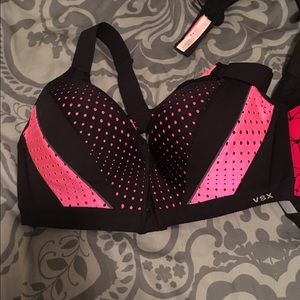 SALE. VS Knockout front close sports bra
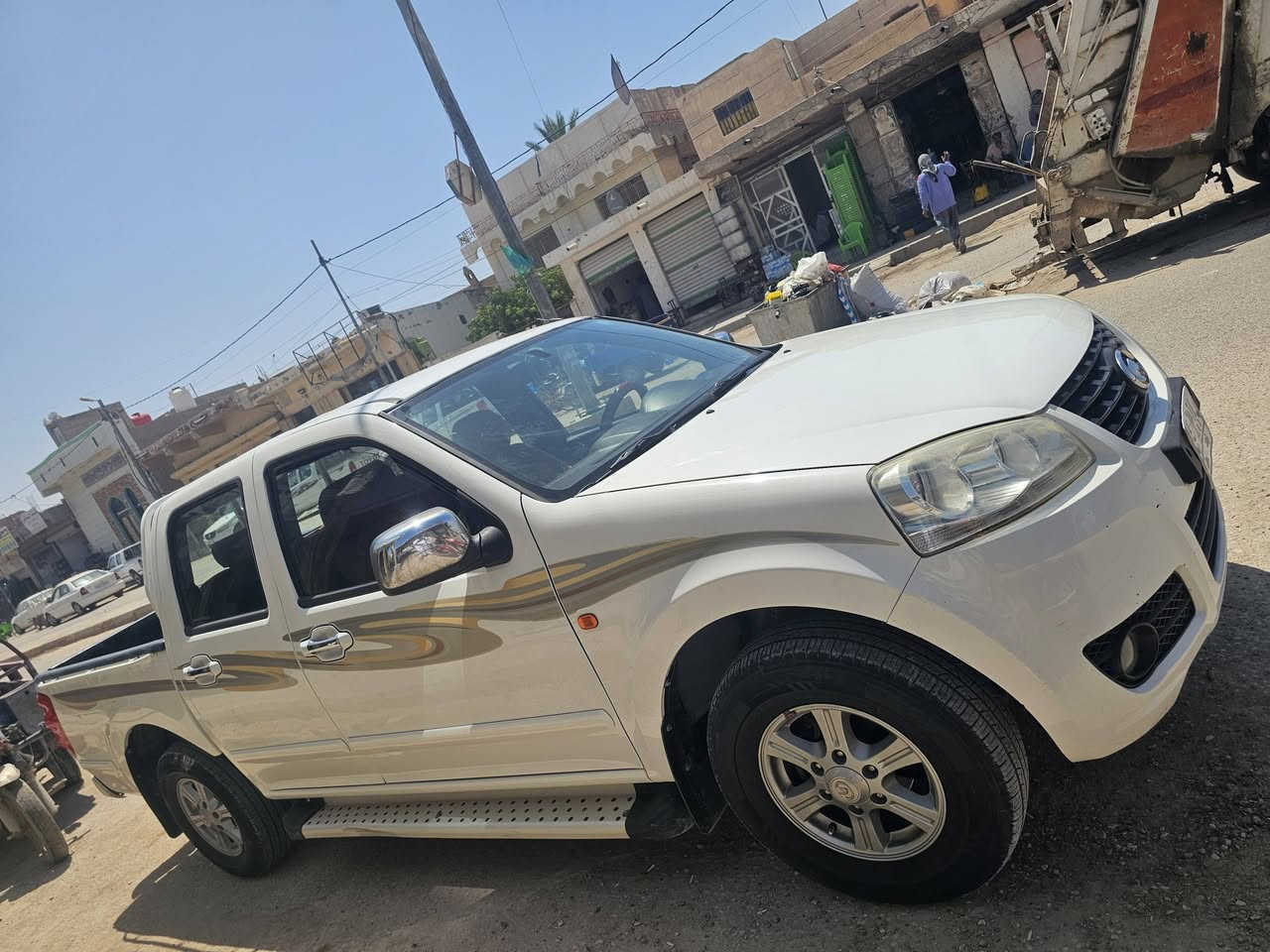 كريت وال مديل 2015 كفاله عامه
حداديه تايرات جدد محرك كير شرط بلاد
+ + + + + + +
→ PROBLEM DETAILS
An exact reproduction of the material is needed, without its images.

→ REPLY TO THE TASK
 SALE. VS Knockout front close sports bra
 كريت وال مديل 2015 كفاله عامه
حداديه تايرات جدد محرك كير شرط بلاد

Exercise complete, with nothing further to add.